Usaha keluarga dalam mendidik anak memerlukan nasehat, nasehat yang ,lembut, halus,  tetapi membekas yang membuat anak menjadi baik dan tetap berahlak mulia. Dalam pendidikan, nasehat saja tidaklah cukup bila tidak dibarengi dengan teladan yang memungkinkan teladan itu diikuti dan diteladani. Bila tersedia suatu teladan yang baik maka nasehat akan sangat berpengaruh dalam jiwa dan akan menjadi suatu yang sangat besar dalam pendidikan rohani. Suri tauladan adalah merupakan salah satu teknik pendidikan yang paling baik. Seorang anak harus memperoleh tauladan dari keluarga terutama orang tuanya agar ia semenjak kecil sudah menerima norma-norma Islam.
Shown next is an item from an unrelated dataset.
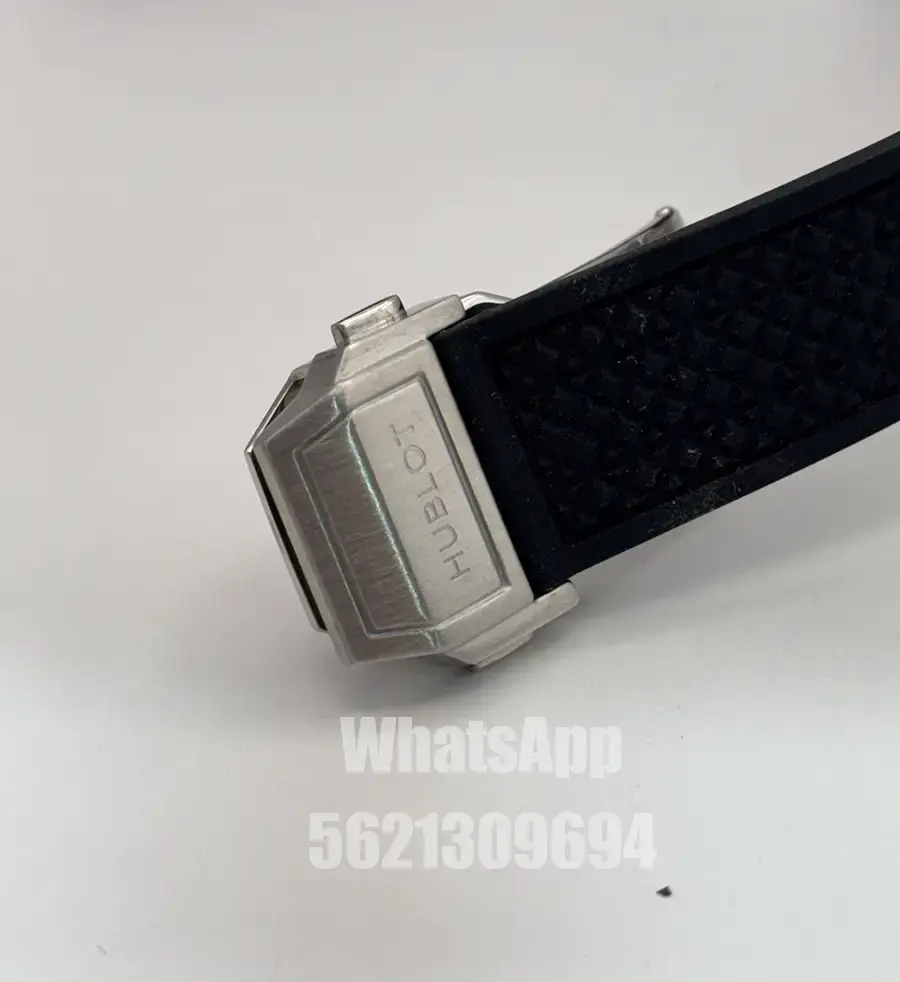 Miniatura: Hublot Big Bang 20th Anniversary Titanium Grey/black Premium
Karena keluarga adalah pendidik yang menanamkan benih-benih pertama di dalam diri anak dan tingkah laku sehari-hari sangat mempengaruhi perasaan dan tingkah laku anak. Oleh karena itu, lingkungan suatu keluarga harus diciptakan dengan baik, sehingga akan tercipta suatu pembiasaan baik pula, yang akan menciptakan generasi yang merealisasikan norma-norma Islam. (Harun; 1993:334)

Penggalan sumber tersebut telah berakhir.